Desculpe ter demorado tanto a olhar pra você e perceber o seu mérito em toda essa trajetória. Nos últimos 9 meses, eu achei que só a mente merecia atenção e que cuidar de você com alimentação e exercícios eram suficientes. Mas não são, eu sei. Eu preciso olhar pra você com mais compaixão e gratidão e mudar o discurso e o pensamento que só nos afasta e magoa. Desculpe-me, meu corpo, com todo o seu coração. E obrigada, pois sem você, eu não teria conhecido o Cauê. Sem você, eu não sentiria esse amor tão profundo. Sem o seu coração, eu não teria onde guardar o maior e mais bonito sentimento do mundo.

quarta-feira, 20 de janeiro de 2016

Sobre sentir saudade

Eu sempre disse que a saudade só é boa de sentir quando ela pode ser "matada". Do contrário, ela tem sabor de dor. Além da minha fé em Deus, a minha fonte principal de inspiração para lidar com a dor da saudade e tudo que ela envolve é a música e a literatura. Isso desde que eu me entendo por gente. E desde o final do ano passado eu intensifiquei as leituras. Diversos textos, diversos gêneros, diversas histórias, não há uma temática preferida.
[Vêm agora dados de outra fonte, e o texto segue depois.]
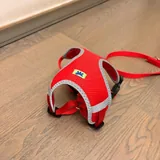 Корм Monge для кота 6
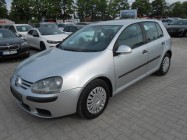 Volkswagen Golf V 1.9 Diesel 105 KM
Eu só tenho buscado manter a minha mente ativa, lúcida e com bons pensamentos. Isso porque eu reflito sobre cada frase que me toca, eu sinto, eu absorvo e guardo cada sentimento dentro de mim. Foi aí que semana passada, minha grande amiga Priscila  (obrigada por não desistir de mim, Pri), me apresentou um site chamado "vamos falar sobre o luto"?

O site é na verdade um convite para quebrar um tabu e falar sobre a morte, a perda e a saudade de uma maneira mais natural. E foi no compartilhar de histórias (e não de experiências, pois experiência é algo único e intransferível ) que os textos se converteram em verdadeiros abraços de desconhecidos pra mim. Logo eu que não queria ler nada sobre prematuridade e morte, consegui enxergar uma beleza inimaginável ali. Eu me senti extremamente acolhida e acarinhada , especialmente pelo Paulo através do texto "vai viver, cara".
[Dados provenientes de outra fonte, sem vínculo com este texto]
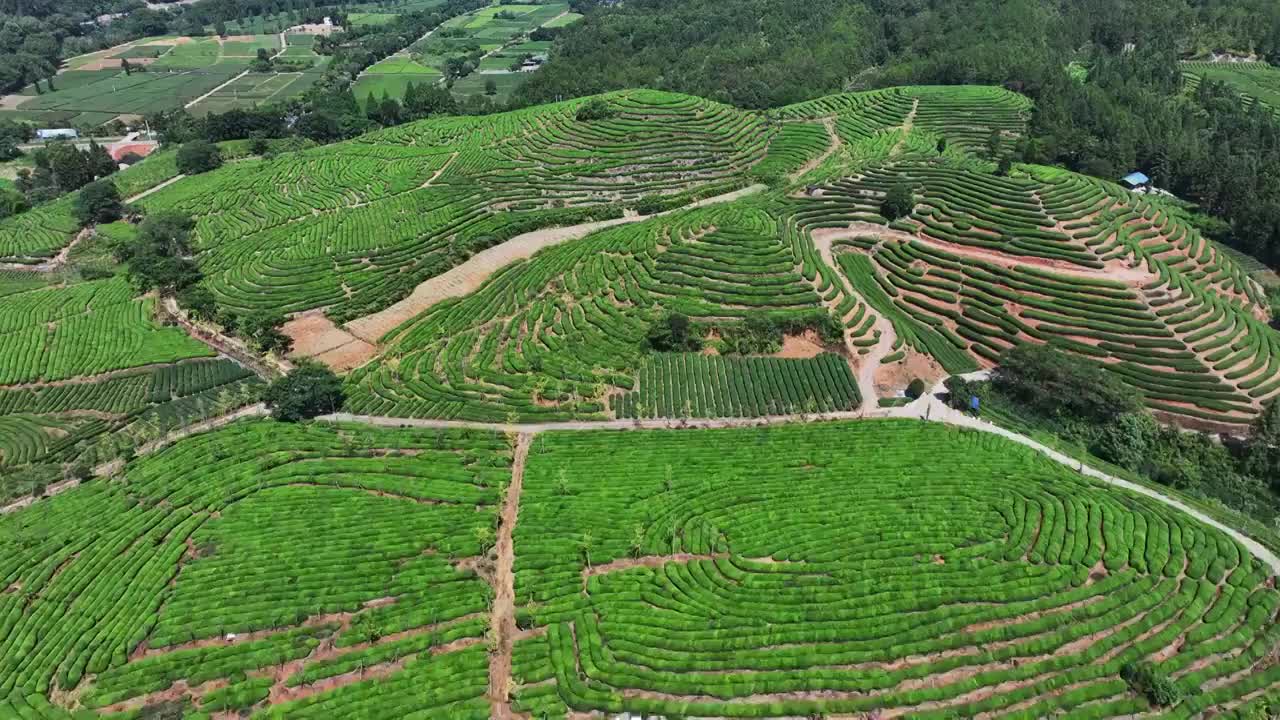 航拍武夷山绿色茶园 茶田视频素材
Paulo perdeu a sua filha de 18 anos, literalmente, de uma hora para outra. Ela foi tirar um cochilo após chegar da faculdade e não acordou mais. O lance é que o Paulo narra a sua história com uma lucidez, entrega e liberdade emocionantes. Sem amarras, sem sofrimento. Há saudade, há dor, mas uma saudade que me pareceu boa de sentir, mesmo sem poder ser "matada". Eu já li o texto dele umas cinco vezes. Cada vez eu aprendo e apreendo mais. E nesta semana, pela primeira vez, eu consegui conversar de forma lúcida com o Cauê. Com calma, sem medo dos meus sentimentos, sem chorar muito e até com alegria. Eu juro.

Passei a exercitar a gratidão por termos vivido 157 dias juntos e não o lamento por ter sido apenas 157 dias. Passei a agradecer a ele por tudo que ele me ensinou e continua me ensinando e não o lamento por não ter conseguido trazer ele pra casa. Passei a agradecer o nosso encontro e não a nossa despedida. Passei a libertá-lo, devagar, no ritmo que eu consigo, sem medo de perder ele de novo. É um exercício como outro qualquer. Requer disciplina, boa vontade e persistência. Cansa, fadiga o lado emocional do cérebro e o coração, mas dá resultado. Todas as vezes que o pensamento e a sensação de frustração como mulher e mãe me assombram, e não são poucas, agora eu lembro do Paulo, da Amanda e do Cauê. Da relação que ele se propôs a ter com a sua filha, da relação que eu posso ter com Cauê, ambos após a morte. Assim como Paulo, eu quero sentir o meu filho no vento.

Um sentimento de saudade diferente começou a surgir dentro de mim. Não a tal da "saudade gostosa", mas uma saudade livre. Livre pra nós dois. Uma saudade que pode ser "matada" de uma forma diferente: com os olhos fechados e o sorriso e o coração abertos. Um sentimento consciente, sem ilusão, mas leve, sem peso. A dor, por hora, eu desisti. Não sei o que fazer com ela. Deixa doer. Um dia eu aprendo. Ou não. Uma coisa de cada vez e agora é o tempo de aprender a sentir saudade sem sofrer. E isso já é muito. Muito bom.